Here each individual request will be sent to a server, which will handle it and provides an answer or give the response back. Here all the process which is happening threw the client and the server there are numerous entities, collectively will be called proxies, which will perform different operations and will act as gateways or caches in the whole process.
Steps for Understanding HTTP using Browsers :
- First, open a new window on Google Chrome on your computer and navigate to the https://www.geeksforgeeks.org/ in the Incognito mode (To avoid inconsistencies due to caching of all the process).
- Then you will open Chrome Developer Tools or will inspect the page both are the same with pressing the keys Ctrl + Shift + i or Cmd + Shift + i in the browser window and then select the Network tab.
- Now press F5 for Refreshing the page to start the recording network activities from Chrome and observe the HTTP requests made to load the website.
- When you will refresh the page then all kinds of earlier activities of the website will be removed and new activities will be loaded again.
- Now your turn begins to check how many HTTP requests were made by your browser and then
- Check how much data was transferred over the network and how the server has responded to your request.
Example of Understanding HTTP using Browsers :
Now in this to-do part of this article, we will use the geeks for geeks website for our activity regarding the HTTP request and response process as follows.
- Now search geeksforgeeks in the new tab of browser and go into the geeksforgeeks home page and then press ctrl +shift+i after this action you will go into the inspect part of site and then refresh the site after that follow the process given bellow
- Now scroll to the top of the network activity and click on the first request made to open up its details. (Find the entry In the Name tab, you should see www.geeksforgeeks.org with Type as document // This is mandatory ).
- Now you will observe the following details for this HTTP request in the “General” section which will give you all the details mandatory.
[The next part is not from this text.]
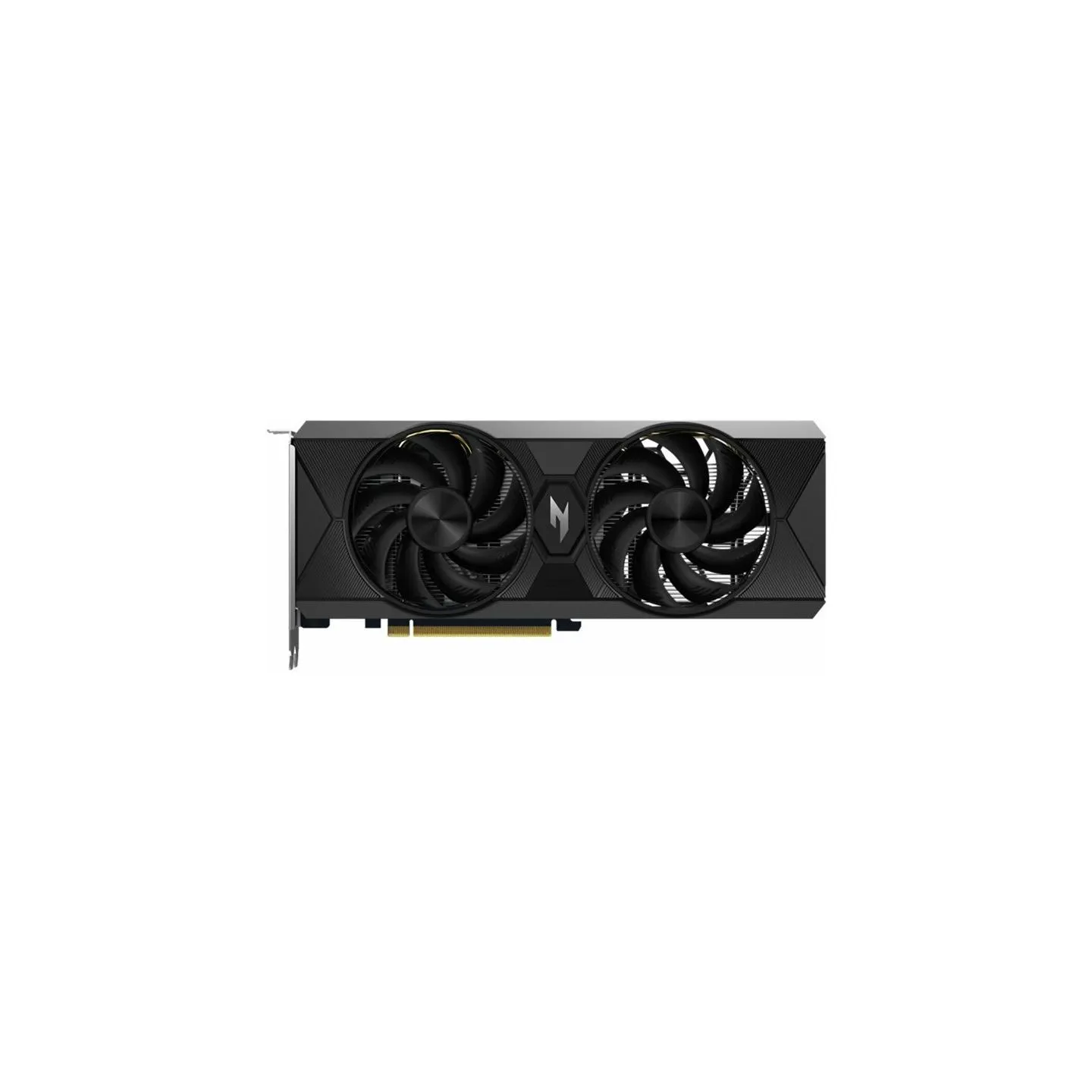 Acer Nitro Radeon RX 9060 XT 8GB OC | AMD | 8 GB | Radeon RX 9060 XT Series | GDDR6 | HDMI ports quantity 1 | PCI Express 5.0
- Now you will Request the URL – URL of the resource fetched
- Request Method denotes the action to be done. Which is “GET” and is used for fetching some resources or details related to that document.
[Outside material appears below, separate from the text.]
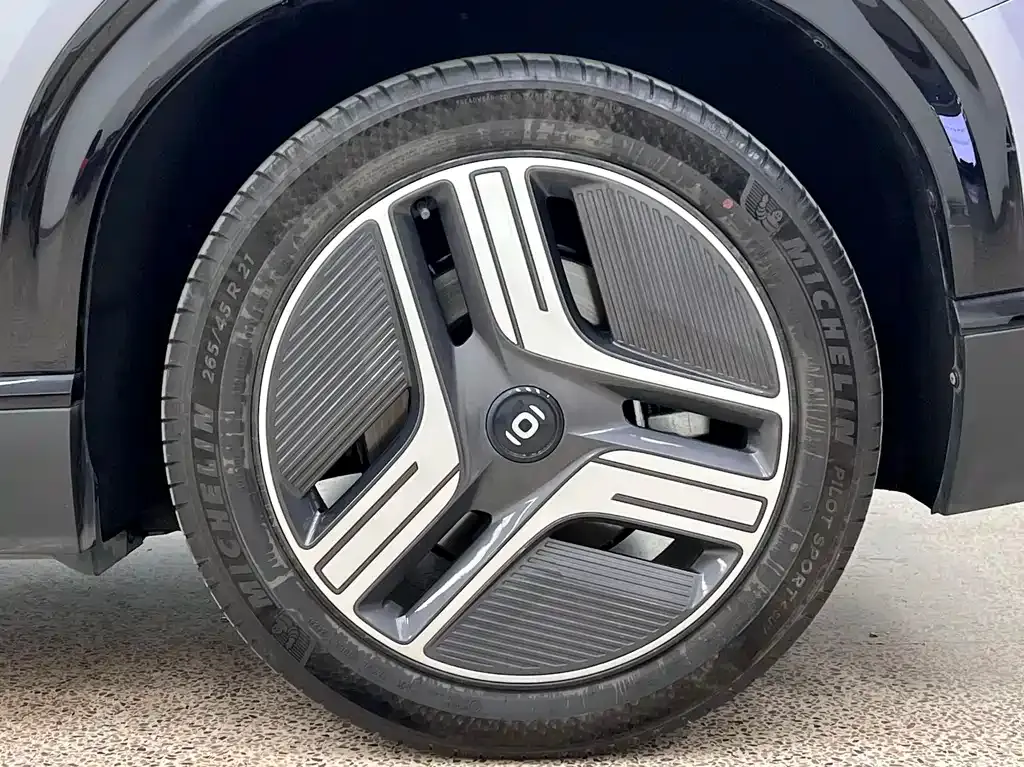 Qiyuan E07 2024 из CN, фото 10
- Status Code denotes how the server responded to the request. For example “200 OK” means a successful request and as this is a “GET” request, the server will have sent f the data back for example website’s HTML content
- Now Check the “Remote Address” value in the “ General” section – The port number used is 443. Is this a special port number? Is there any relationship between the port number used and the Request URL? You can consider an example where there a lock icon in the address bar on your browser?
- Now Check out some Response Headers and see if you can find out what they mean. An example is like Co Content-Type, Server
- Find out the HTTP request-line sent by your browser to the GeeksforGeeks server (Hint: Click on view source next to Request Headers)
- Now Goto https://www.geeksforgeeks/practice in a new tab. What do you think would be the changes in the HTTP request-line? Verify by checking the request-line sent for retrieving the new HTML page as you did in the previous step.
- You’ll have found that the request line will now be asking for the resource at /practice instead of the resource at the root (/) when you visited https://www.geeksforgeeks/. The Host request-header tells where to fetch this resource from.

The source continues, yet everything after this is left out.